A Nigerian man has lost his High Court challenge to a decision revoking his residency here on foot of a finding his marriage to a Dutch national was a marriage of convenience.
The man fraudulently applied in March 2015 for a second residence card based on the marriage when the Dutch woman, whom he married in 2009, had left the State no later than early 2014, though there was evidence suggesting she left earlier than that, Mr Justice Max Barrett said.
The woman was a named sponsor for several EU residence card applications in the UK for another Nigerian national on dates in 2010 and 2016, he observed.
The judge, for reasons including the man had repeatedly behaved falsely towards the Minister for Justice over a protracted period and never expressed remorse for that when caught out, rejected his judicial review challenge to the MInister's July 2018 revocation of his residence.
In his recently published judgment, the judge said the man married the woman in May 2009 after coming here without permission in late 2008.
The man appeared not to know her surname when it came to his court documents, getting it wrong until the Minister's side got it right after which he used her correct surname, the judge observed.
In November 2009, he got his first residence card on the basis his wife was exercising her free movement rights here.
In March 2015, he got a second residence card after claiming she was still exercising her free movement rights here when she had left no later than early 2014.
That application was fraudulent and in subversion of the law of Ireland and the EU, the judge said.
Because the woman had left Ireland, the man had no derivative rights by reason of her exercise of free movement rights here.
In June 2018, the Minister notified the man he considered his marriage was one of convenience and said the woman had been the named sponsor for residence applications in the UK for another Nigerian national at the same time as being the basis for the man's application.

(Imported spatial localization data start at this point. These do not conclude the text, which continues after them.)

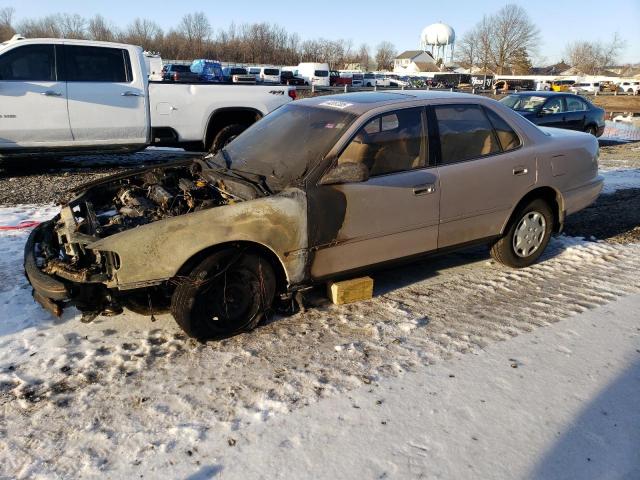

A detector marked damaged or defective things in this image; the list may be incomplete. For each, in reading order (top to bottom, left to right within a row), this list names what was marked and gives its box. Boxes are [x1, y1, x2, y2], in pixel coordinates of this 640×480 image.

burned tire [211, 124, 249, 154]
burned sedan [25, 90, 604, 338]
burned tire [492, 198, 552, 268]
burned tire [171, 249, 276, 340]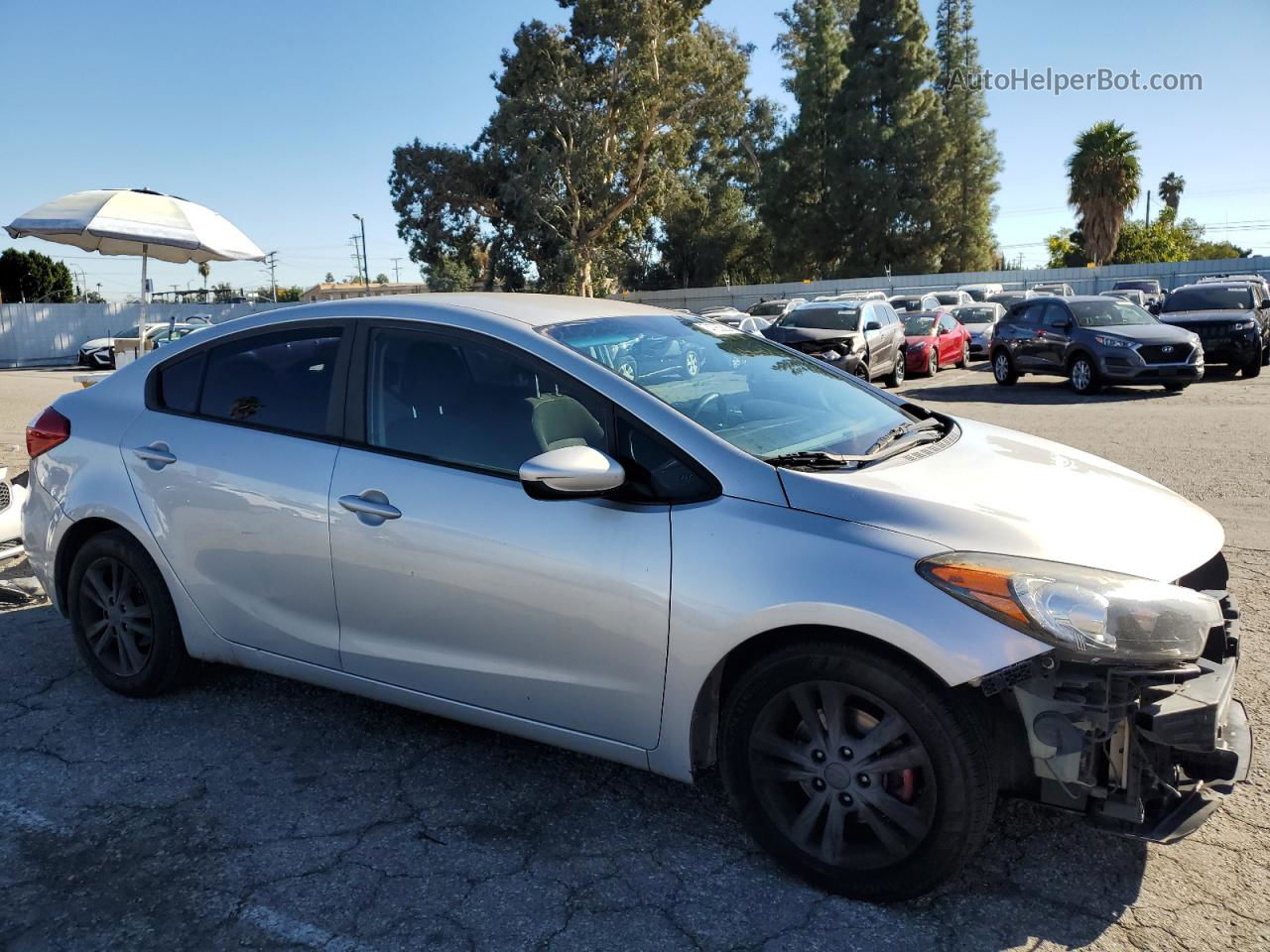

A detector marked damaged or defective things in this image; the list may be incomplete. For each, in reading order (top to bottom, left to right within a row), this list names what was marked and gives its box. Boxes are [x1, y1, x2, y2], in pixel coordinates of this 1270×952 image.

cracked asphalt [2, 361, 1270, 948]
front end damage [988, 591, 1246, 845]
damaged front bumper [996, 591, 1246, 845]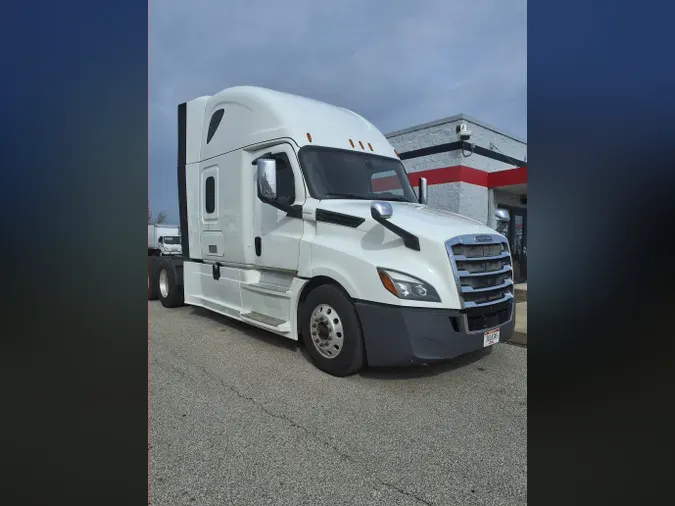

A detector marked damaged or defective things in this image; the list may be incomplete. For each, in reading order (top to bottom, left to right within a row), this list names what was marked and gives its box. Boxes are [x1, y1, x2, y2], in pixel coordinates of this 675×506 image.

pavement crack [219, 378, 436, 506]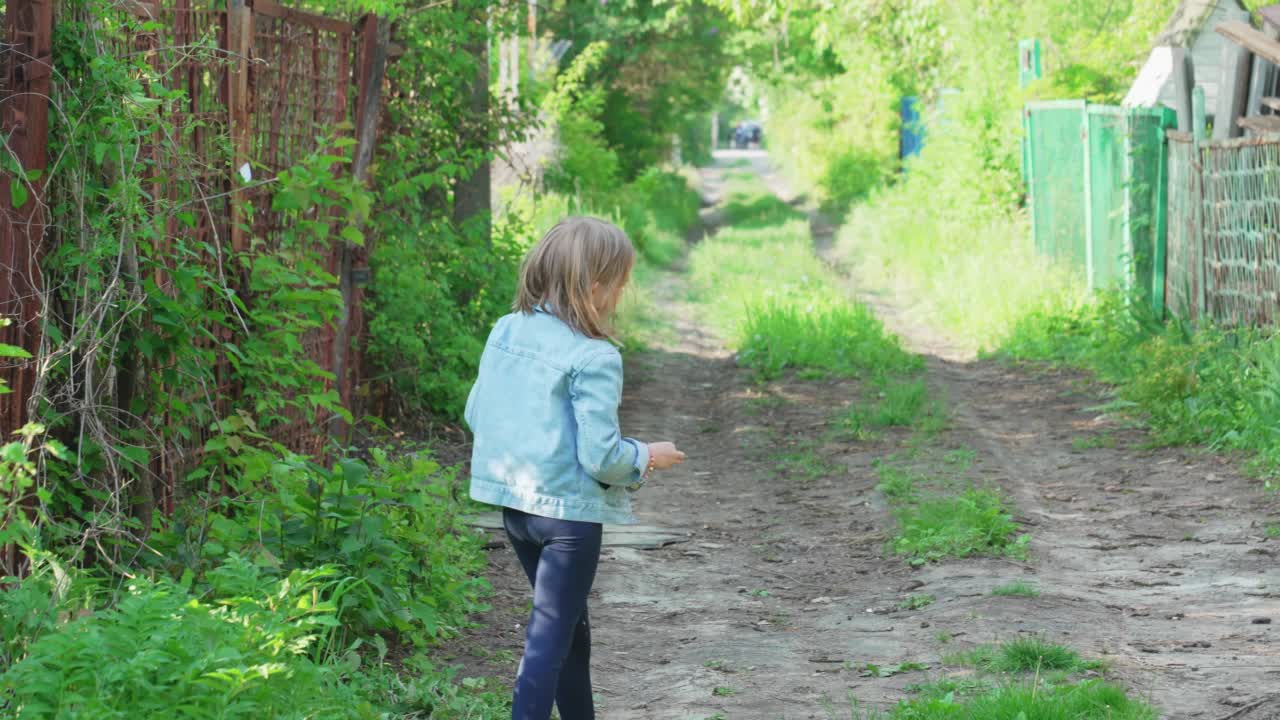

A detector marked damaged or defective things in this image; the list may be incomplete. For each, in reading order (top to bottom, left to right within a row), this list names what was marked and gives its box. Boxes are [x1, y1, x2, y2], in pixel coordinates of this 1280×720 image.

rusty metal fence [3, 1, 378, 571]
rusty metal fence [1167, 131, 1280, 325]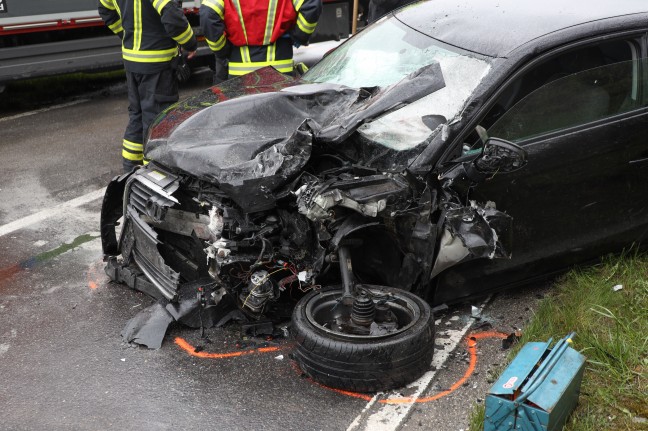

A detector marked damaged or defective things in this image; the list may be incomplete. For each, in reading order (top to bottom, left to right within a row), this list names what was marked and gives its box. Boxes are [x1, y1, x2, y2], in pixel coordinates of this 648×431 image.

The clear inference was that the woman was in some form of relationship with the second Nigerian national, the judge said.
The UK applications were also based on her residence in the UK between 2010 and 2016 when this applicant claimed he was living with her here until early 2014.

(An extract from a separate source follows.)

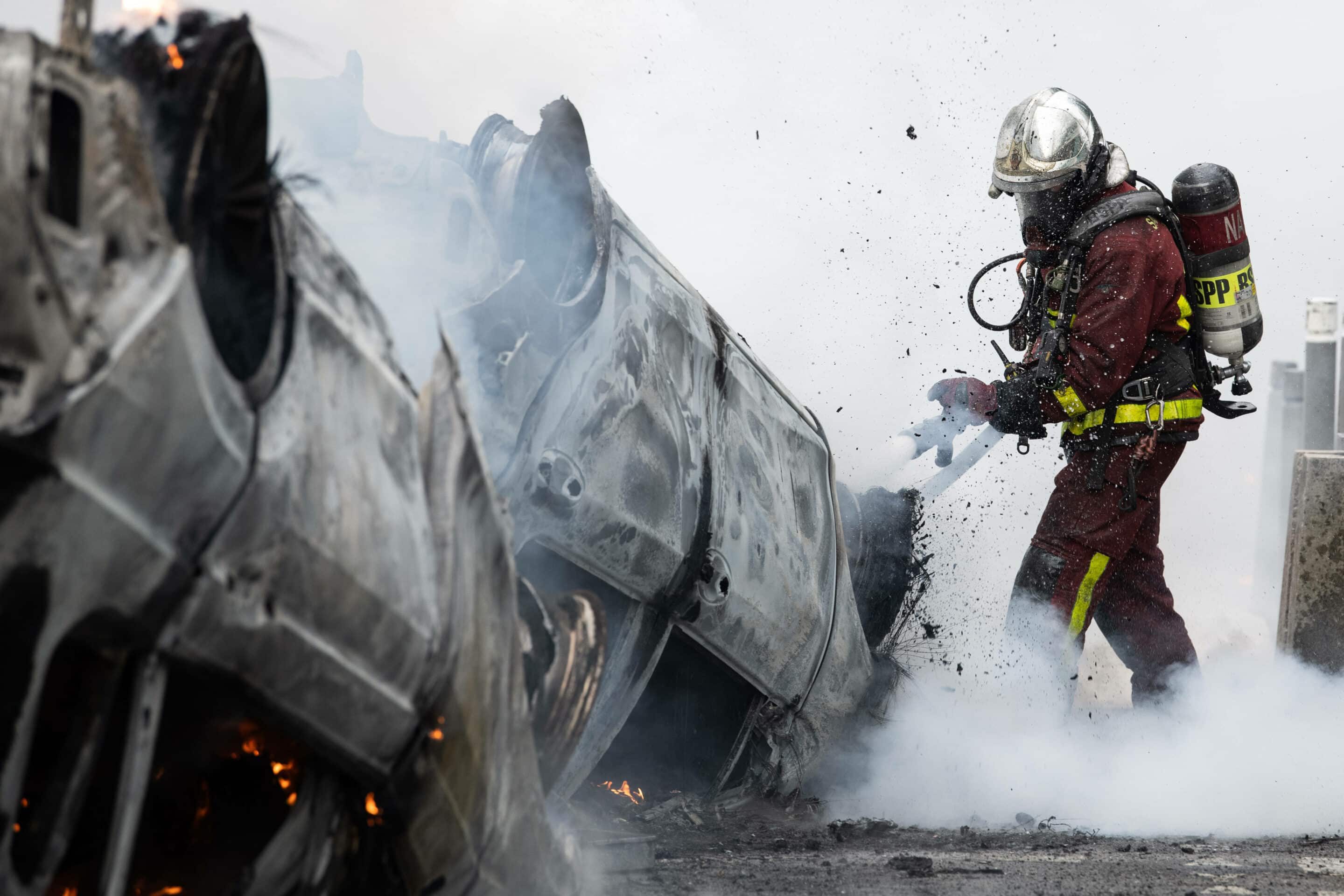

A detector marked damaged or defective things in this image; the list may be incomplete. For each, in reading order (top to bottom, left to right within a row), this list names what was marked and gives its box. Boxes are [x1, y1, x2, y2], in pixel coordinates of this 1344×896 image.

scorched wreckage [0, 7, 915, 896]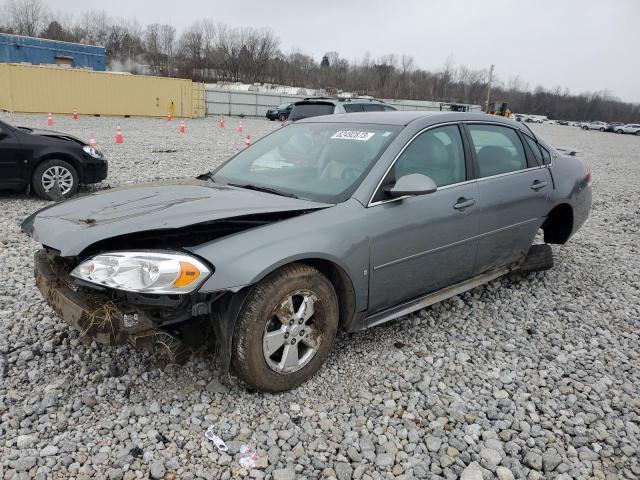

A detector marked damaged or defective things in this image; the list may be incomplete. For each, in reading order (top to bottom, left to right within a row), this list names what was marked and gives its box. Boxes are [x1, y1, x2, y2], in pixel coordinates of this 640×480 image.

Having regard to all these matters, the Minister in late July 2018 revoked the applicant's second residence card.
The judge rejected arguments the man was entitled to succeed on the basis the Minister had applied an incorrect burden of proof or had inadequate evidence for his decision.
The man had not secured leave for judicial review on the basis of advancing incorrect burden of proof arguments as that issue was never raised before the judge who granted leave, he said.
He also found there was "ample" evidence before the Minister to show the man's credibility and the reliability of the documents provided by him was "suspect".
The man had failed to explain how and why he came to play "fast and loose" over a protracted period with the immigration/EU Treaty rights processes, he said.
All of these matters, and the man's failure to dispel concerns raised by the Minister with him, offered a "more than sufficient" basis for the Minister's decision, he ruled.